Autonomous driving has been another focal point for Ford. While the company may not be as far down that road as, say, rival Tesla Inc (NASDAQ:TSLA) or General Motors Company (NYSE:GM) are, it’s at least on that road. That’s largely Fields’ doing.
That’s not to suggest Hackett is a slouch. He has spearheaded automaker’s mobility effort since early 2016, and mobility rather than vehicle owners is the new mindset for consumers. Prior to becoming part of Ford’s board of directors in 2013, he led a successful turnaround effort at Steelcase Inc. (NYSE:SCS). He also spent a couple of years as the athletic director at the University of Michigan after his time at Steelcase and before he joined the Ford team.

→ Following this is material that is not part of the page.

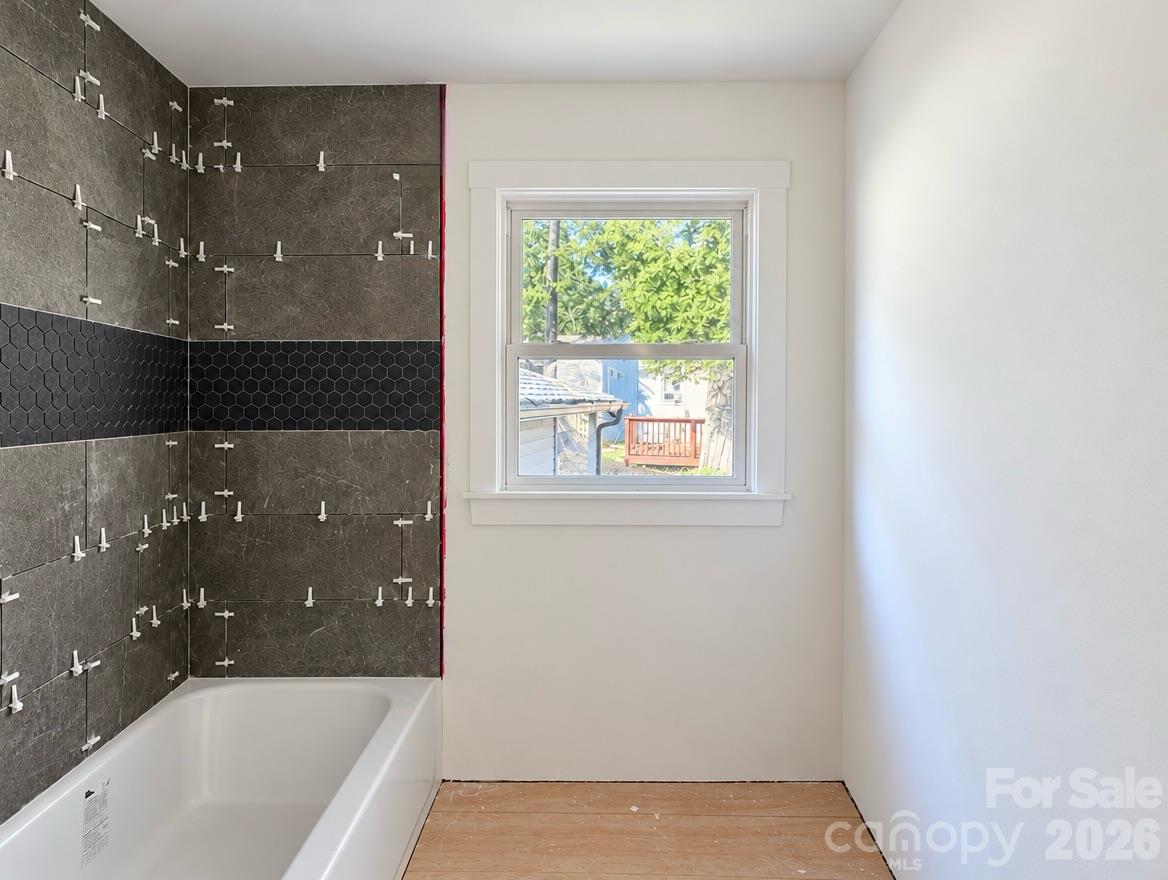 1827 Edgewater Drive Property Photo 21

The company could do worse.
Be Careful What You Ask For
On the flipside, while outside and unrelated experience can been be a good thing, sometimes it isn’t.
It’s difficult to digest the notion that a background in office furniture and college athletics is going to be applicable to automobiles … especially when Ford’s doing reasonably well as it is. The only thing that’s broken here is Ford stock, but that’s largely out of the CEO’s — any CEO’s — hands.
That said, while Hackett’s primary purpose at Ford Motor Company thus far has been leading the mobility effort, that’s the one aspect of Field’s vision that seems to be hitting a development headwind.
Maybe that’s on Fields Or, maybe that’s on Hackett.
Bottom Line for Ford Stock
The point is, Mark Fields wasn’t a bad CEO. Perfect? No, but he has to be given credit for recognizing early on that the automobile industry was changing forever. He’s taken some pretty smart and decisive actions to fix what he can, drawing on nearly three decades of carmaking experience.
Jim Hackett, on the other hand, is a well-respected leader (and deservedly so). But of the 7 billion people on the planet, there must be someone with at least a little more relevant experience and at least a little more effective as a visionary available to take the job.
This is a move Ford stock holders could and likely will end up regretting.
As of this writing, James Brumley did not hold a position in any of the aforementioned securities.